_Task statement:_ Please reproduce the entries that follow without a single difference.

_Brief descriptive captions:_
Start of Block
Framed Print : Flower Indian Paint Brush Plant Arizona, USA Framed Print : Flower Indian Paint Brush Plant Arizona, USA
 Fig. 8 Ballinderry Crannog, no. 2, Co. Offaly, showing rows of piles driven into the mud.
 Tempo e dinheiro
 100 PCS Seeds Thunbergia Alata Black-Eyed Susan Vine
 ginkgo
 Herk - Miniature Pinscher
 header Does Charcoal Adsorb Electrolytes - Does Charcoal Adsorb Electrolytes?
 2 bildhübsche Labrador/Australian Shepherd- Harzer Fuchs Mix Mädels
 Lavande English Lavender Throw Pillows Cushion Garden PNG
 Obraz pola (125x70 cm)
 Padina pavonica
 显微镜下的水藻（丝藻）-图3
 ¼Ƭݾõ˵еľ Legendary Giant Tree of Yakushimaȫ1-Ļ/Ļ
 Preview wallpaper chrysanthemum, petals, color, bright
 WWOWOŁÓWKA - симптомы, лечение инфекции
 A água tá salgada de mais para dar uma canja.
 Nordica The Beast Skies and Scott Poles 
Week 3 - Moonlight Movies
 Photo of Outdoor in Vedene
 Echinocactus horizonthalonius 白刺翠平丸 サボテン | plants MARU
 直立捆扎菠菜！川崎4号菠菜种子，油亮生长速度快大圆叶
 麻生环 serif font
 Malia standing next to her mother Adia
End of Block
_Solution to the problem:_
Framed Print : Flower Indian Paint Brush Plant Arizona, USA Framed Print : Flower Indian Paint Brush Plant Arizona, USA
 Fig. 8 Ballinderry Crannog, no. 2, Co. Offaly, showing rows of piles driven into the mud.
 Tempo e dinheiro
 100 PCS Seeds Thunbergia Alata Black-Eyed Susan Vine
 ginkgo
 Herk - Miniature Pinscher
 header Does Charcoal Adsorb Electrolytes - Does Charcoal Adsorb Electrolytes?
 2 bildhübsche Labrador/Australian Shepherd- Harzer Fuchs Mix Mädels
 Lavande English Lavender Throw Pillows Cushion Garden PNG
 Obraz pola (125x70 cm)
 Padina pavonica
 显微镜下的水藻（丝藻）-图3
 ¼Ƭݾõ˵еľ Legendary Giant Tree of Yakushimaȫ1-Ļ/Ļ
 Preview wallpaper chrysanthemum, petals, color, bright
 WWOWOŁÓWKA - симптомы, лечение инфекции
 A água tá salgada de mais para dar uma canja.
 Nordica The Beast Skies and Scott Poles 
Week 3 - Moonlight Movies
 Photo of Outdoor in Vedene
 Echinocactus horizonthalonius 白刺翠平丸 サボテン | plants MARU
 直立捆扎菠菜！川崎4号菠菜种子，油亮生长速度快大圆叶
 麻生环 serif font
 Malia standing next to her mother Adia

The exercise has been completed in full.